Dina se sentó de rodillas sobre el sofá, muy cerca del vejete, cuya espalda se había encorvado.
—Pero no, si has estado espléndido. Una presentación muy bella.
—¿Lo crees?
—Estoy segura. ¿No es verdad Mario que estuvo perfecto, igualito a las chicas del ballet de San Remo? —y me cabeceó para que me acercara a ellos.
—Ah, sí; muy bien —agregaba yo, mientras obedecía—, aunque faltó un poco de seguridad en la quinta posición.
—¿Faltó seguridad en la quinta? ¿Es cierto eso, Dina? —preguntó otra vez inquieto—. ¿Crees que he descendido tanto como para tener que conformarme con la compañía de presentación del Festival?
—¡Pero no! Son bromas. Estuviste siempre perfecto. Además, ¿qué tiene de malo el Festival? Lo ve todo el mundo.
Acarició al viejo de una manera extraña, refregándole la mano por la panza en un movimiento circular y automático.

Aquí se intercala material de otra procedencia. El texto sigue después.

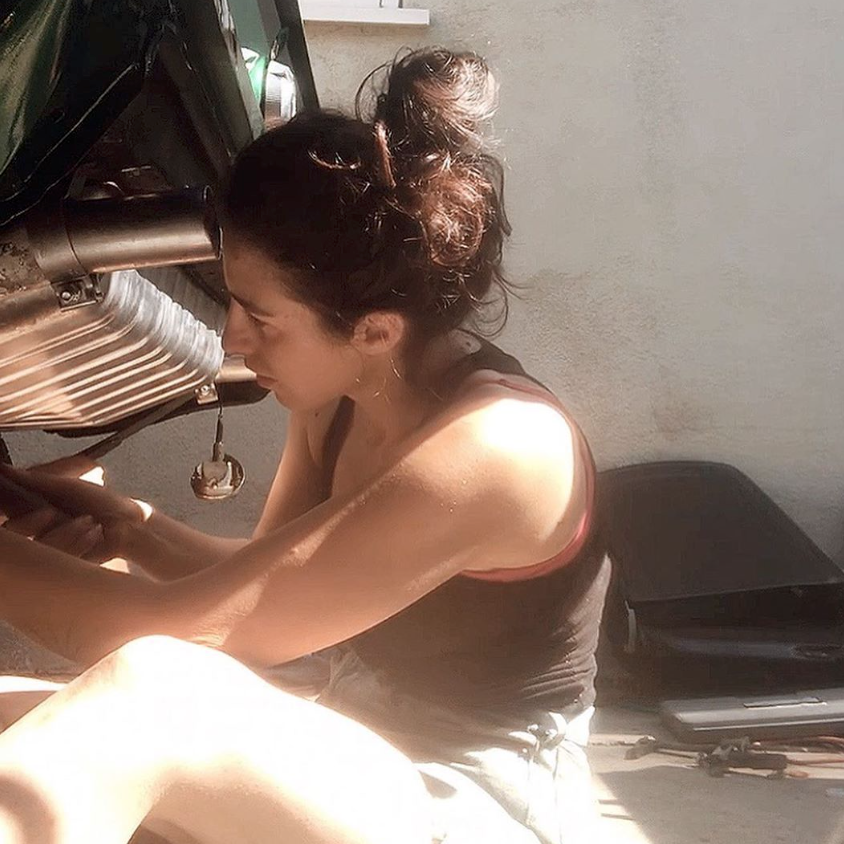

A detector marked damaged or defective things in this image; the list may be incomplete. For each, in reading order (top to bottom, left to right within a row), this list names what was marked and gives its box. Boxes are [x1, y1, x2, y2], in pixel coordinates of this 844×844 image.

rusty metal surface [0, 268, 224, 428]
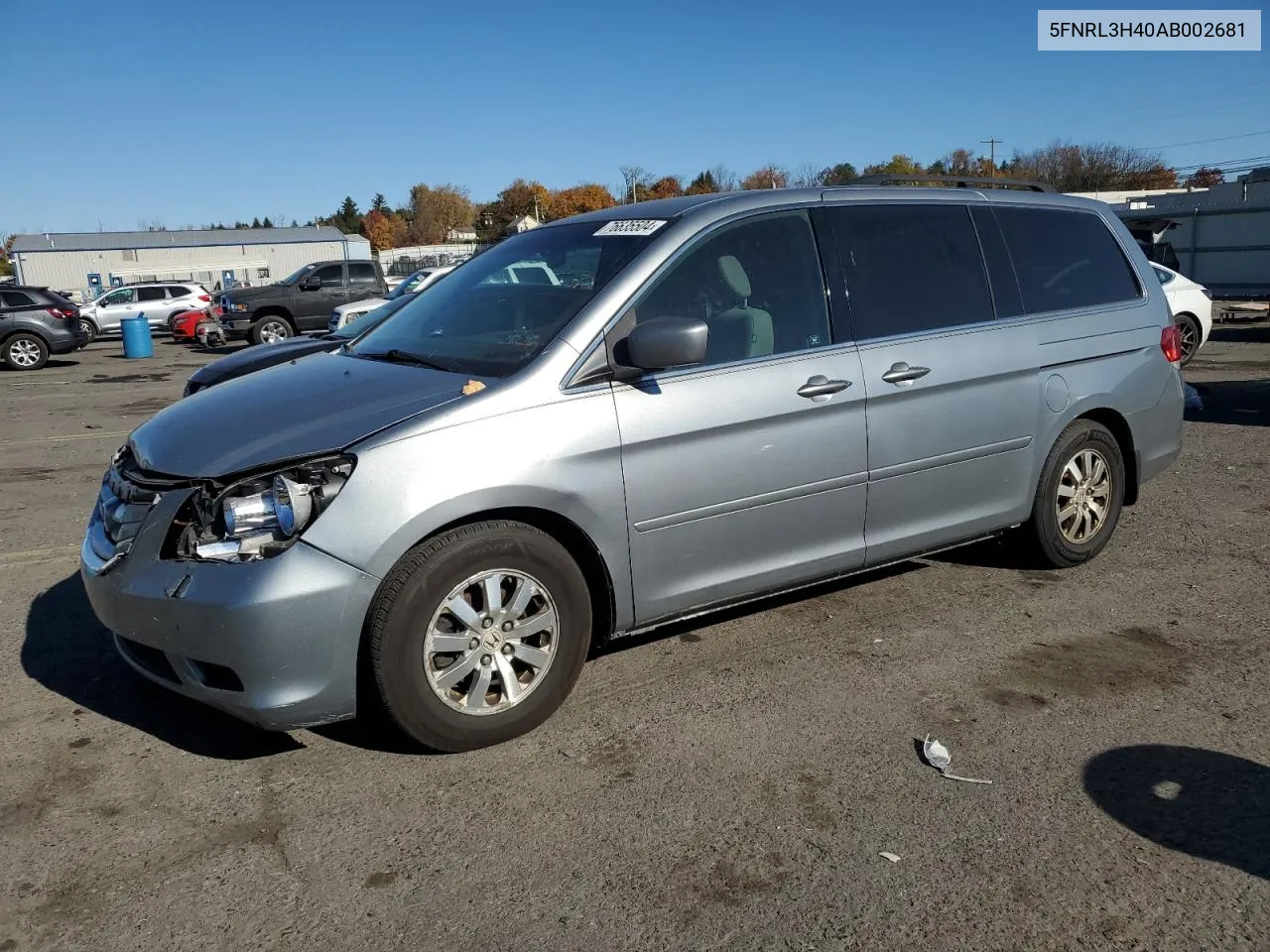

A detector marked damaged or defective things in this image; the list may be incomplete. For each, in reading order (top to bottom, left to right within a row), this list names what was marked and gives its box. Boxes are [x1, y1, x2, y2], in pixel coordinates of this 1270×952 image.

broken headlight [174, 454, 352, 558]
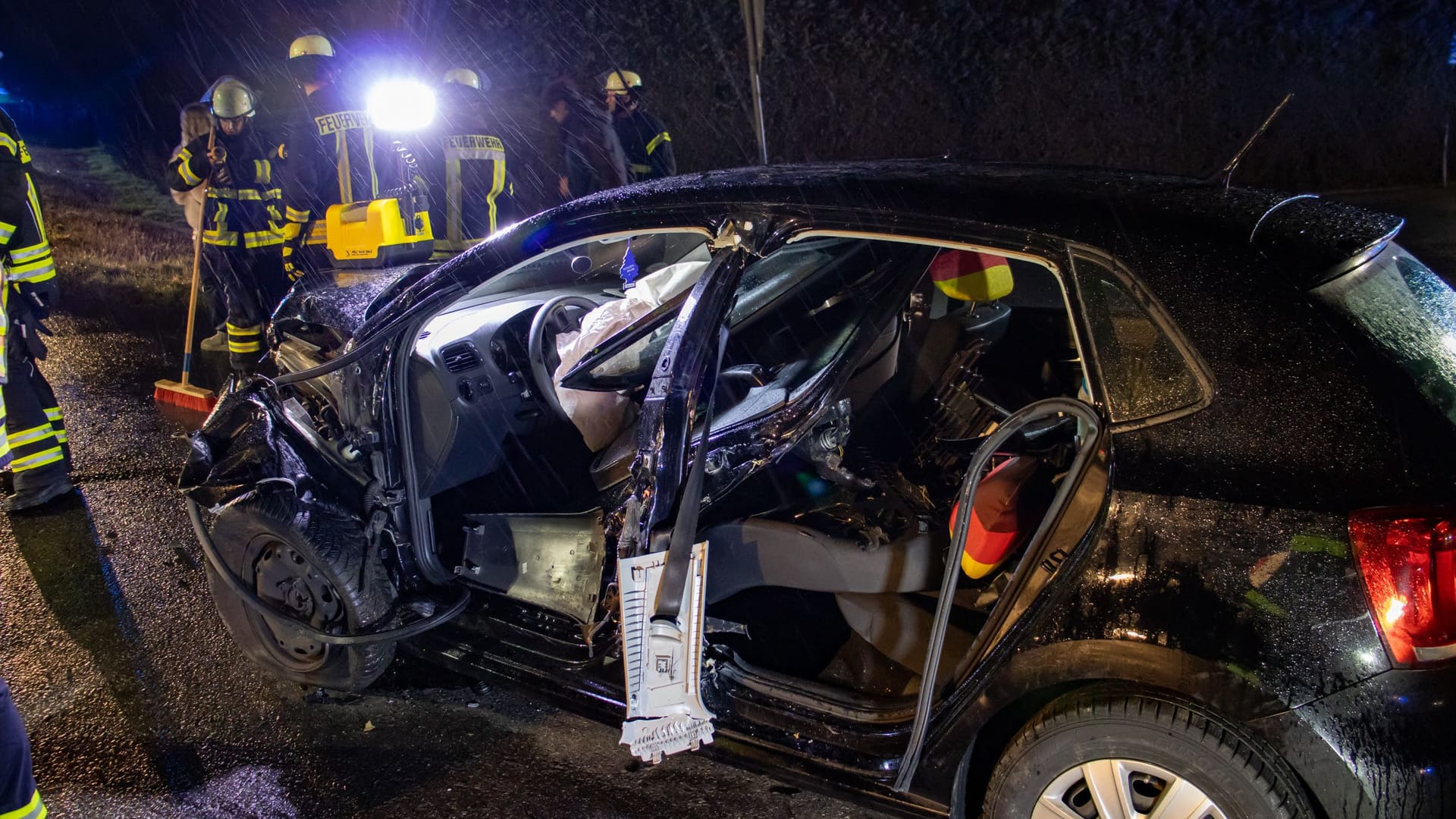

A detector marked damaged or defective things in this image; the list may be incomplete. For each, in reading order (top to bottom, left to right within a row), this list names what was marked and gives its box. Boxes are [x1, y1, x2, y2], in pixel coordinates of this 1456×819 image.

wrecked black car [179, 161, 1456, 816]
exposed front wheel [205, 489, 396, 688]
exposed front wheel [984, 685, 1316, 816]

—Mario, demuéstrale al señor cuánto lo quieres.
Puso mi mano sobre la panza del vejete para que yo continuase con la caricia que ella había comenzado, mientras Dina a su vez se dedicaba a tironearle suavemente de la nariz, con movimientos iguales, sin ninguna variación, absurdos.
Más que un rito entre ellos, lo interpreté como un juego, y decidí rivalizar con Dina inventando caricias disparatadas, sólo que las mías tomaron en seguida un matiz burlón y agresivo que las de Dina no tenían. Ella estuvo un par de minutos dándole palmaditas en la coronilla; de tanto en tanto se detenía y lo miraba con curiosidad, colocando sus ojos muy cerca de los del anciano, que murmuraba: «Por favor, continúa».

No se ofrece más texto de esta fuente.